Books
Unfettered
Firework
(Tyrant Books, 2010)
Eugene Marten’s Firework is a terrifying house. This house has several levels, each of which demonstrates a unique strand of mastery in Marten’s composition style. Whereas many authors find one mode they excel at and wield it, Firework is evidence of a wide range: syllabic sentencery, filmic exposition, street language, massive poise, a kind of brimming overhead. These modes flood the others seamlessly, without warning, resulting in a field of text that operates as might someone wise and skilled, with a damaged skull.

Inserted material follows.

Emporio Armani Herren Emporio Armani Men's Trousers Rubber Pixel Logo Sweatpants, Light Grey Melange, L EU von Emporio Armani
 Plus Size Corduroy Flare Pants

The fundament of Marten’s composition is the sentence: these spaces between the init-cap and the period are locks on a chain, clearly chiseled. A Eugene Marten sentence differs, even from those also associated with the Gordon Lish camp, in that it seems to have beaten its own music down. The music, then, of the language is both cut and black, but somehow flattened, coalescing under intense compression. The knitting of the words among the sentences melts, and allows, from one to the next, the second level of Marten’s gloaming: the syncopation. “There was no more room to sit so he lay on the floor between the ledges and said, ‘I thought this was America.’”

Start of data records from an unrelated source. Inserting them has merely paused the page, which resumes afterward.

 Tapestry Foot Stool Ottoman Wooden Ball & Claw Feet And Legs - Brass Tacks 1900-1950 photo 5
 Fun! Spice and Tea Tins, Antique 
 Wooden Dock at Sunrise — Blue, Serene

Often what we are given in Firework is so thick and brutal it comes as blacktop more than weapon. What we are standing on has hardened from thick liquid and holds its heat. As the sound of the sentences continues, what we often get pulled into is the heavy sheen: herein, a story about a man named Jelonnek, who witnesses a hate crime and brings himself into the center of the hate by lashing himself to a prostitute named Littlebit, as if both out of flesh of guilt and some sick need to stay close to the burnt meat. From hotel room to hotel room, hanging on for cash on which to exist, Jelonnek burns from earthly corridor to corridor of Marten’s lifemaze like some bloodbent rodent looking for a hole in which to hide and, eventually, to call home. Marten’s prose is often sublimely deceptive in this manner, the flood of sentences to graphs, and graphs to blockades. Among the page-turning terror, a suppressed calm as a kind of second air engulfs the book, even with such thick grime and psychologically ornate ongoings. With clear propulsion and the mindgrip of Jelonnek’s heavy will inside his semi-self-imposed predicament, Marten controls both what is given and not given with a mechanic’s grip: a quickly steepening downward glide that wastes no blink.

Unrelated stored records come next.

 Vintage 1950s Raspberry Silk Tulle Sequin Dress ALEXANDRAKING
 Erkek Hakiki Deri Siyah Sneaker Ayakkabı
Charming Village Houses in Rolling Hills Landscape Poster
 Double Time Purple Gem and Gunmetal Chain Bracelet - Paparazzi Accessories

As in his two equally masterful works, In The Blind and Waste, Marten’s prose reaches yet another level as it rotates between a deft and brutal evenness punctuated with weird patches, as if the logic of the sentences themselves have become brain damaged, in an angelic, still coherent way. Gaps in logic appear, building strange bricks as the novel continues in its corridor, black licked. “He pressed the button and wrote with his whole arm,” Marten writes of Jelonnek’s making his own writing, using spraypaint on a house. Up to the very last phrase of the book’s unprecedented and crystal-crushing ending, there is a throat-hold of the word, both pleasant and oppressive, wild-steering and tight to the cuff. Marten is a master of somehow resolving elements we had not been able to name and still cannot, and yet feel wired in the blood thereafter. This is a book that does something no other book does, and yet it does it in a way that you might not see coming, so well honed and syllabically chiseled is it. Marten reigns.